Résultat : « Les clients ne nous demandent plus d’afficher une liste exhaustive de connecteurs à jour pour tous les logiciels », relève Michael Harlaut, directeur avant vente Europe du Sud chez Alfresco – cet éditeur propose néanmoins des interfaces clés en main pour la plupart des solutions métier utilisées dans les administrations et les collectivités locales. Alfresco préfère mettre l’accent sur « les capacités d’intégration » offertes par les nouvelles API ouvertes. « Cela suppose que l’éditeur cible accepte de ne pas être le stockeur du document et qu’il admette que les clients préfèrent s’appuyer sur un socle de base en gestion documentaire ».

Simplification des développements

« Il est aussi nettement plus facile pour un utilisateur lambda de s’approprier ces API qu’il y a dix ans, ajoute Michael Harlaut ; il n’est plus indispensable d’être un expert Java ou C# ou de passer six mois à développer un service dans un langage propriétaire ! » En complément du « métalangage » XML (extensible markup language), le standard ouvert CMIS, soutenu par le consortium Oasis, et les protocoles SOAP (simple object access protocol) et REST (representational state transfer) ont précisément été conçus pour fluidifier les échanges de données entre des applications et des services cloud distants les uns des autres. Avec succès. Si SOAP pâtit d’une image vieillotte, et semble en perte de vitesse, « il est désormais relativement facile de mettre en œuvre une API de type REST », selon Michael Harlaut.

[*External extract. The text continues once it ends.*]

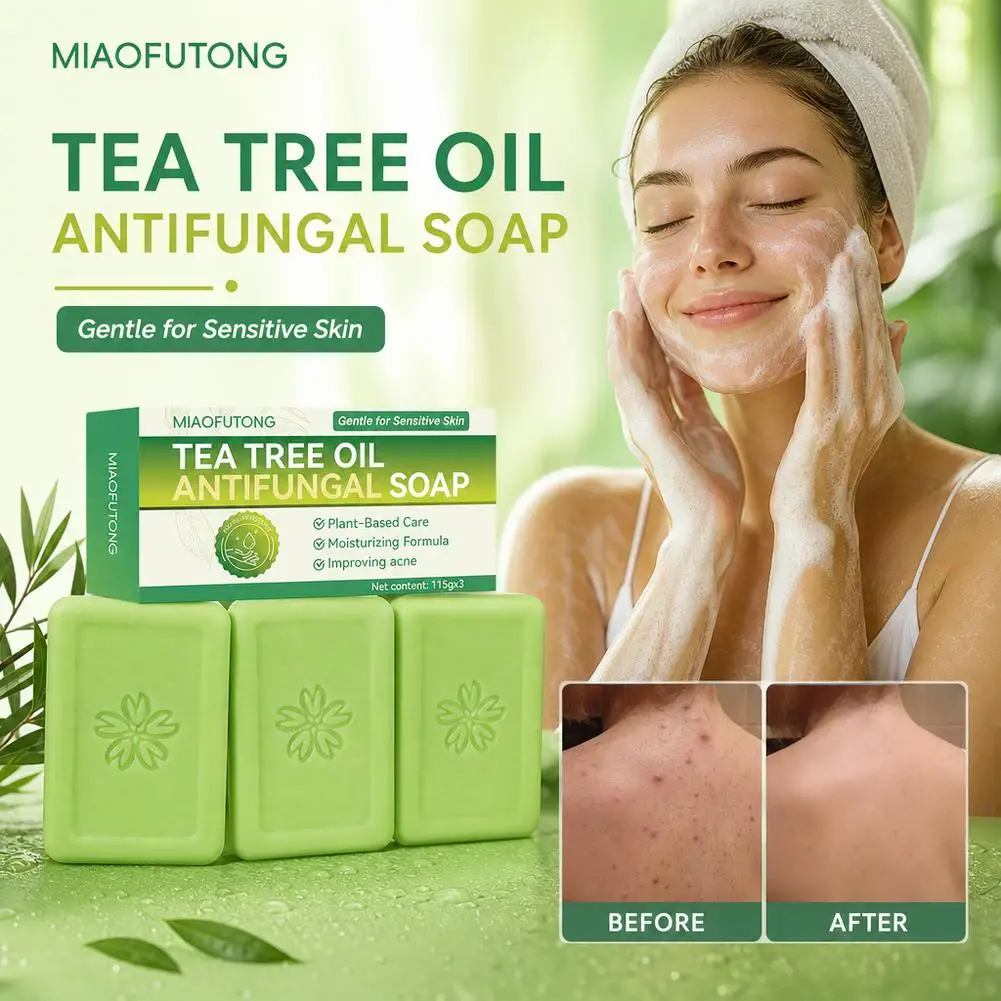Tea Tree Oil Handmade Soap 3 Pack Deep Cleansing Natural Plant Extract Moisturizing Exfoliating Bar For Face And Body Care
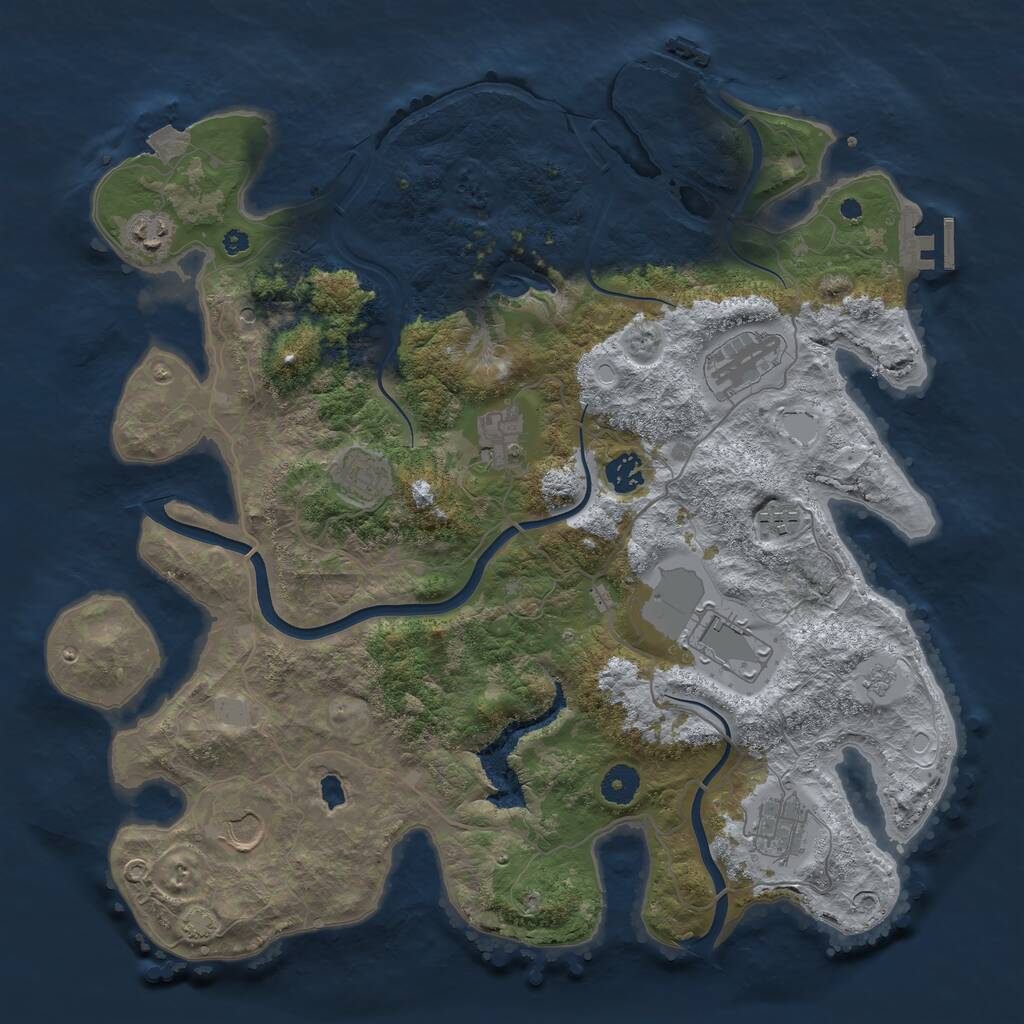 Rust Map: Procedural Map, Size: 4000, Seed: 1673588204, 15 Monuments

Mieux, des outils facilitent aujourd’hui le développement et la diffusion de ces API. Entre autres exemples, MuleSoft, jusqu’ici connu pour ses bus de services (ESB), propose la plateforme Anypoint, qui se pose en facilitateur des connexions entre les applications sur site et les services cloud… Tibco s’est pour sa part emparé de Mashery, portail de création et de publication d’API pour les entreprises. Et CA Technologies a racheté courant 2013 Layer 7, une société spécialisée dans la mise à disposition de bibliothèques d’API prêtes à l’emploi, par exemple pour l’accès aux services cloud ou la gestion des identités. Il en résulte l’offre API Management, centrée autour de la création et de la gestion centralisée de toutes les interfaces de programmation internes ou externes…

Autre signe du potentiel de ce marché émergent : de plus en plus de start-up font leur entrée et se spécialisent dans les plateformes permettant de créer plus facilement des API. C’est le cas d’Apigee ou de Restlet, qui développent des plateformes cloud permettant de développer et de déployer très facilement des API. Pour Yves de Montcheuil, responsable marketing de Restlet, « les entreprises dépendent de plus en plus des API », notamment pour faire en sorte que leurs systèmes puissent plus facilement interagir avec ceux de leurs clients et partenaires. Mais à son grand regret, elles commencent tout juste à modéliser et à tester le bon fonctionnement de ces API, qui restent invisibles aux yeux des utilisateurs (contrairement aux applications), avant leur mise en production. La Restlet Platform comprend à la fois un environnement de développement intégré (Restlet Studio), un système d’appel et de test (DHC Service), et une plateforme dédiée aux API web (APISpark).

Reste pour les entreprises intéressées à ne pas oublier que la difficulté ne se situe pas simplement dans les connecteurs et les API. « Ce n’est pas le plus compliqué », souligne Gilles Batteux, PDG-fondateur de l’éditeur de logiciels de gestion documentaire Kentika.

« Pour les utilisateurs de Kentika qui souhaitent s’appuyer sur des services extérieurs, il ne suffit pas de développer des interfaces permettant d’appeler ces services, conclut-il ; il faut surtout gérer les problèmes de droits associés aux données ainsi utilisées et éventuellement faire en sorte que celles-ci ne puissent être utilisées que par des personnes habilitées ».
La réflexion sur les interfaces doit être assortie d’une réflexion sur les droits d’utilisation.